Le président ivoirien a lancé une offensive politique décousue grosse de bien des dangers pour lui.
Tout d’abord il a défié son allié Bédié, tout puissant patron du PDCI, en imposant, au forceps le RHDP unifié. Bédié a refusé et Ouattara peine à recoller les morceaux avec lui, parce qu’il a été trop loin : en faisant un remaniement ministériel sans le consulter, en reconduisant des ministres PDCI dissidents et en se faisant élire président du RHDP « unifié ».
Depuis le torchon brûle entre les deux leaders et Bédié a répliqué en faisant exclure du PDCI tous ceux qui ont rejoint Ouattara au RHDP unifié.
C’est dans ce contexte de tension politique vive qu’il faut replacer la nouvelle offensive de Ouattara qui a décidé d’amnistier Simone Gbagbo, la femme de Laurent Gbagbo et de nombreux autres membres du parti FPI. Il a aussi fait libérer le chef du protocole de Guillaume Soro, président de l’Assemblée nationale.
Ouattara agit dans le sens de la paix sociale et de la réconciliation nationale pour cicatriser les plaies ouvertes depuis la crise violente de 2010/2011 qui avait fait plus de 3000 morts. Mais des militaires pro-Gbagbo, coupables de crimes de sang restent en prison.
Toutefois le président ivoirien ne semble pas prendre en compte la réalité complexe qui prévaut dans le pays depuis la chute de Gbagbo et le choix de l’envoyer à la CPI où il est en procès en ce moment.

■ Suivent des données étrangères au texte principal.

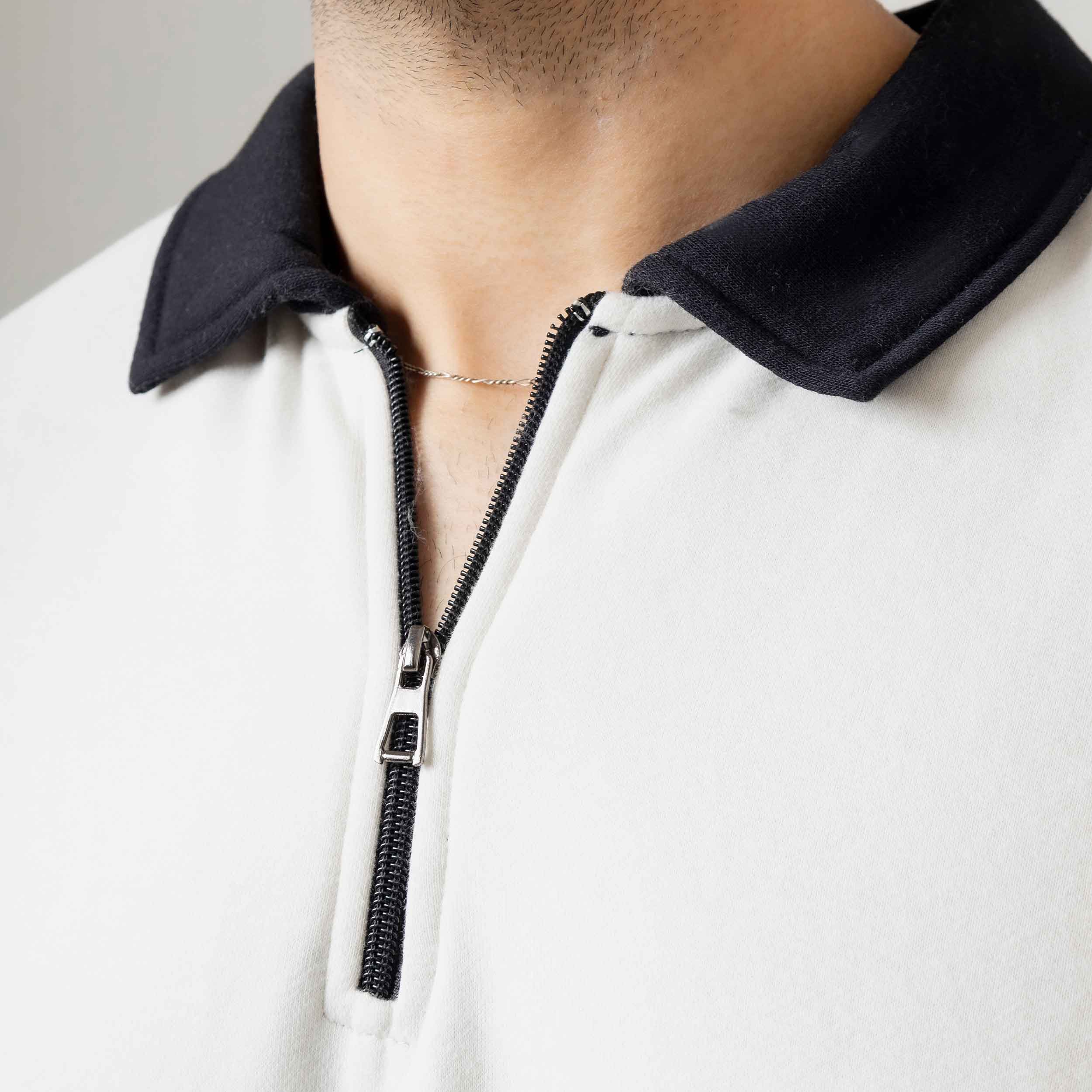 White Graphic Polo Sweatshirt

En amnistiant sa femme Simone Gbagbo qui était député et surtout une personnalité forte du régime de son mari, il lui ouvre les portes d’une éventuelle candidature à la présidentielle de 2020. Si son état de santé le lui permet. Même si elle ne se lançait pas, on voit mal qu’elle passe l’éponge et pardonne.
L’héritage politique de son mari est en question car le FPI (front populaire ivoirien) est divisé avec une branche dirigée par Pascal Affi Nguessan et une autre qui vient d’élire Laurent Gbagbo à sa tête.
Ces derniers temps un rapprochement Nguessan-Bédié était envisagé et c’est peut-être ce qui a poussé Ouattara à prendre les devants ? On peut penser qu’il a ouvert la boite de Pandore en poussant le jeu politicien trop loin.
Bédié est resté stoïque et ferme dans ses positions et Soro pousse ses pions sans se dévoiler entièrement. Une réconciliation nationale est-elle possible dans les conditions actuelles en Côte d’Ivoire ? Rien n’est moins sûr !
Beaucoup de sang avait coulé et les rancœurs et les rancunes sont encore tenaces.
Les initiatives de Ouattara sont louables mais trop teintées de calculs politiciens confus.
Comment se fâcher avec Bédié, chercher à se réconcilier avec un FPI qu’on a décapité et appeler à céder le pouvoir à la nouvelle génération en 2020 ? Tout en se faisant élire à la tête du RHDP « unifié » ?
Ouattara franchit des territoires politiques inconnus. Il vise à recomposer le paysage politique ivoirien, sans doute. Mais en a-t-il les moyens ? Ne tente-t-il pas le diable ?
Une première indication sera donnée avec les élections locales et municipales du 13 octobre qui permettront de voir si PDCI et RDR vont faire listes communes ou acter leur divorce.
Si d’ici là Simone Gbagbo sort de prison, immaculée par l’amnistie, tout le monde va guetter ses premières déclarations et décisions. Ouattara a abattu beaucoup de cartes sur la table. Il n’a plus la main. Pour un moment, au moins.